• _Brief_: Set down again exactly the lines of the listing below that fall between the line holding "In the first" and the line holding "Hi everyone, I", inclusive.

• _Excerpted data_:
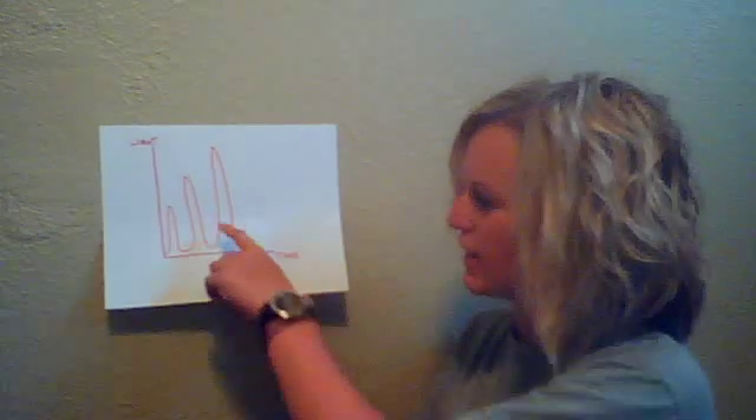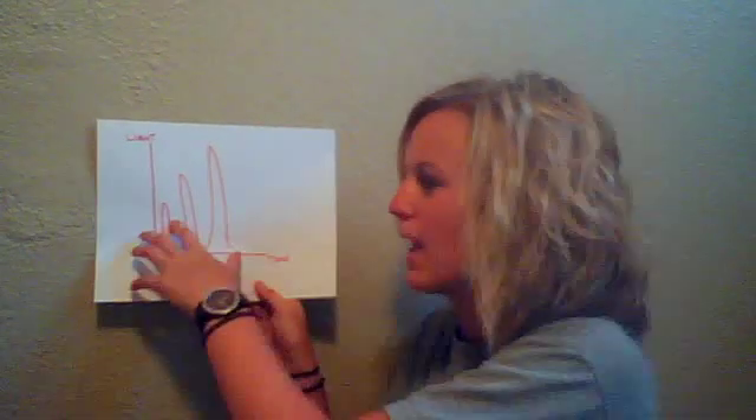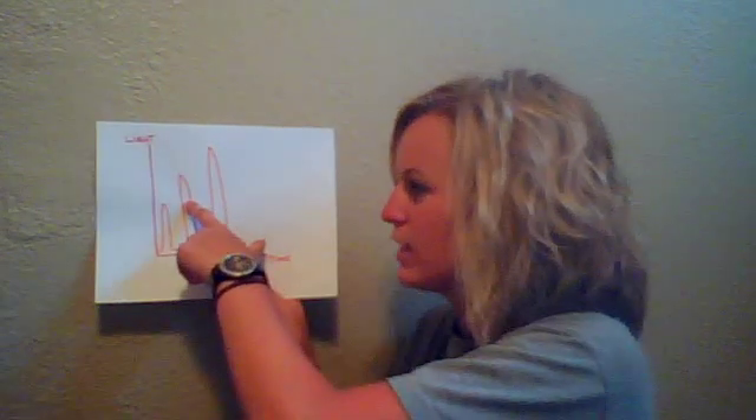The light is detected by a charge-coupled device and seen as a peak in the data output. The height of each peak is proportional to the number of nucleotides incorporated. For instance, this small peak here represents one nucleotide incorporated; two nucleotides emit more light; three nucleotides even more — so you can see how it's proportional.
---
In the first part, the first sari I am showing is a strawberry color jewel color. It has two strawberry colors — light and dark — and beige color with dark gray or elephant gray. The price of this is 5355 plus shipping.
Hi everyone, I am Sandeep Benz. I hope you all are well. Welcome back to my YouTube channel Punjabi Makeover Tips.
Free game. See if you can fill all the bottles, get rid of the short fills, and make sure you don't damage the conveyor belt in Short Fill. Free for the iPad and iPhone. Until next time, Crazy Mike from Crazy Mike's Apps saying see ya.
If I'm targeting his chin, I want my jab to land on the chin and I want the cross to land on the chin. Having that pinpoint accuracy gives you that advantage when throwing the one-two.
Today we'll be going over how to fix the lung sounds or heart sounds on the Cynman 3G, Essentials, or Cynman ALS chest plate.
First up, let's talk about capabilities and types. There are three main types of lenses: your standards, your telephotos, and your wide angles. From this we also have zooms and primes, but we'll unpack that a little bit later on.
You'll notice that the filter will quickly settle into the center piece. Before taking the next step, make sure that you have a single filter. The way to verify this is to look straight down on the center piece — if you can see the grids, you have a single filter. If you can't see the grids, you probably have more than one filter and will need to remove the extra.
==
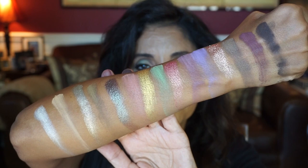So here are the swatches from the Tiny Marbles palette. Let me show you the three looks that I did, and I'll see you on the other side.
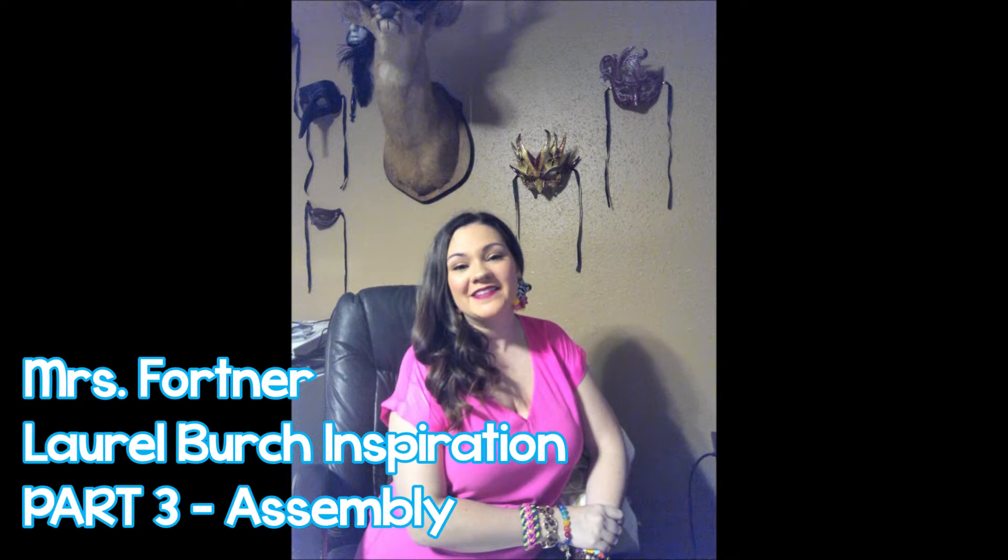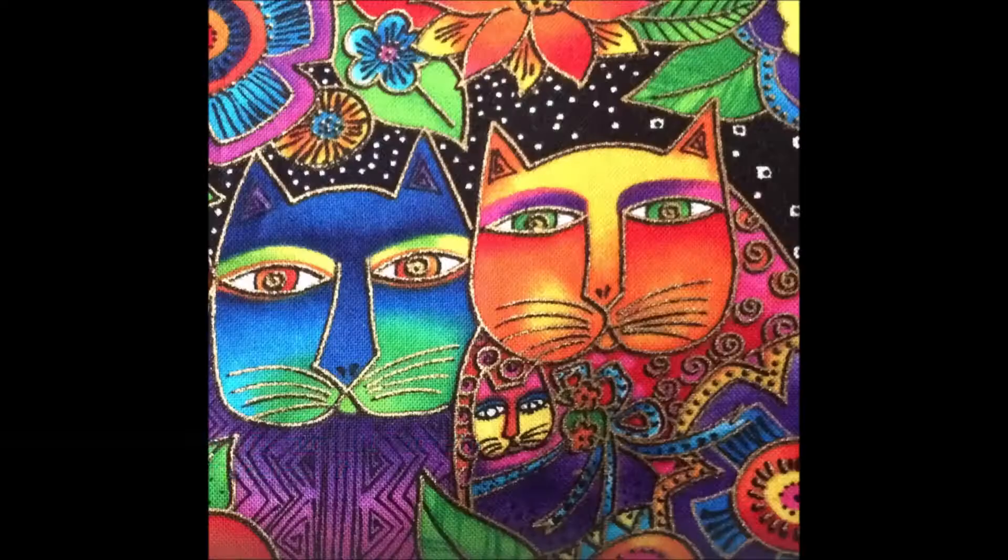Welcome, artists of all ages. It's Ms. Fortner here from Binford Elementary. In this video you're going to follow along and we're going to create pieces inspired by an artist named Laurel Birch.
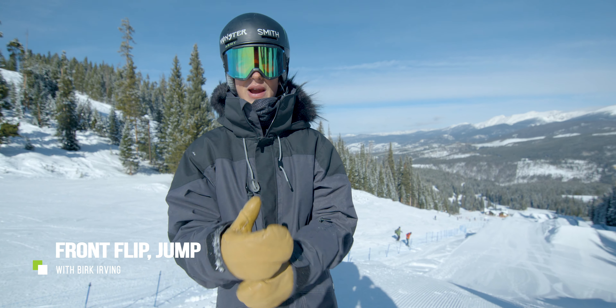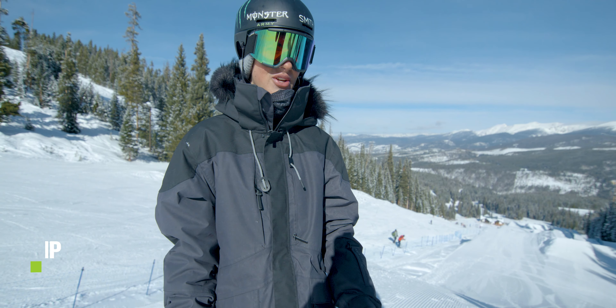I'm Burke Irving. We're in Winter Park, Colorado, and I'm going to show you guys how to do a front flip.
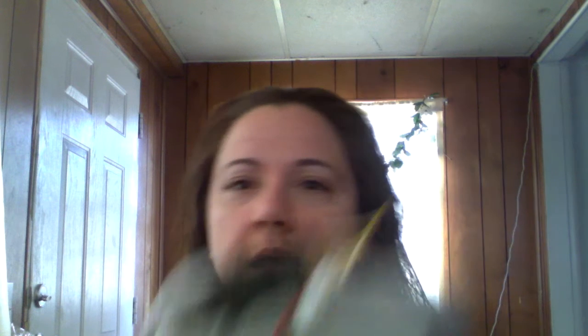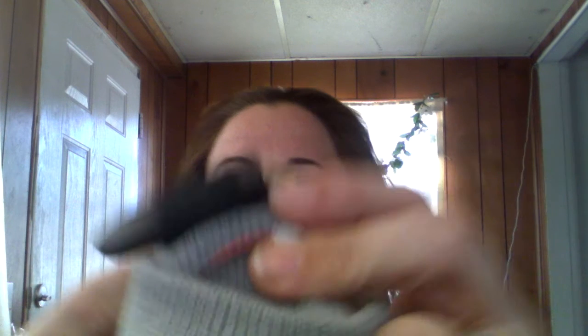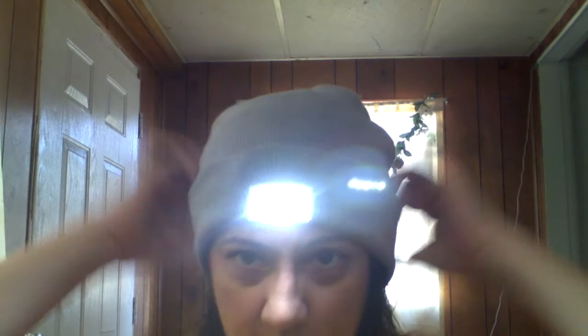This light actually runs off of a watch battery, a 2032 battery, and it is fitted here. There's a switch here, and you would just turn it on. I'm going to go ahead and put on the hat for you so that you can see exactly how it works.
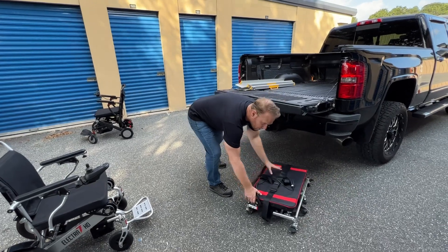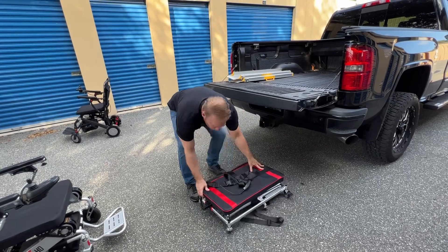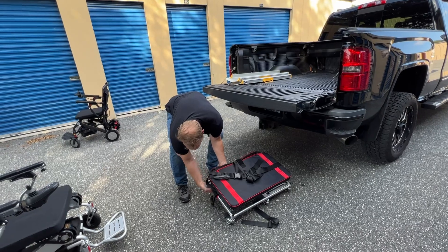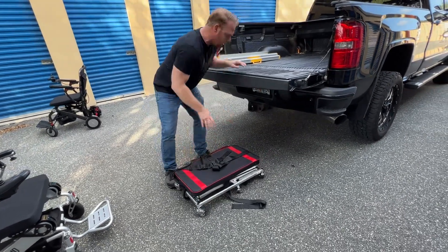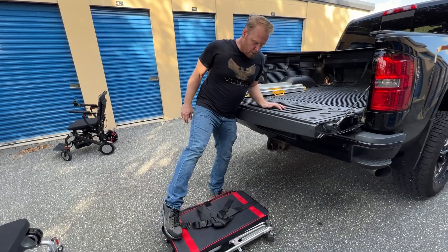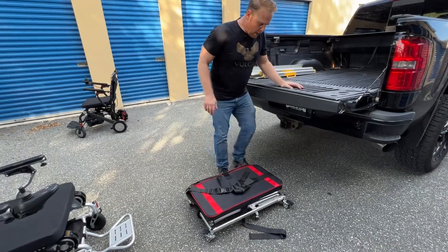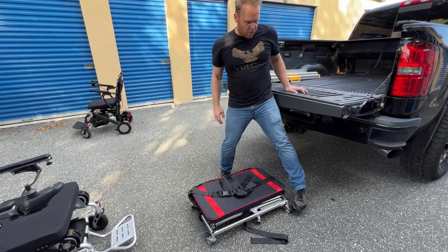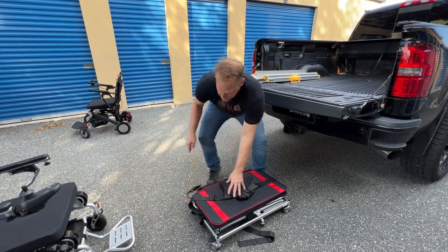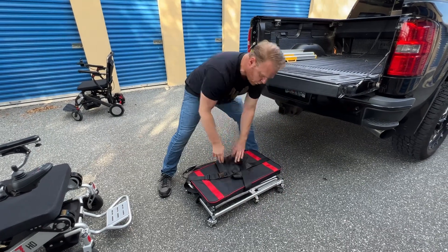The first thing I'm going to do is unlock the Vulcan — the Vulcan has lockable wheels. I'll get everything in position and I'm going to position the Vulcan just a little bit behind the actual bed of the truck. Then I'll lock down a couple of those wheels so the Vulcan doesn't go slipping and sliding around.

• _Reply_:
In the first part, the first sari I am showing is a strawberry color jewel color. It has two strawberry colors — light and dark — and beige color with dark gray or elephant gray. The price of this is 5355 plus shipping.
Hi everyone, I am Sandeep Benz. I hope you all are well. Welcome back to my YouTube channel Punjabi Makeover Tips.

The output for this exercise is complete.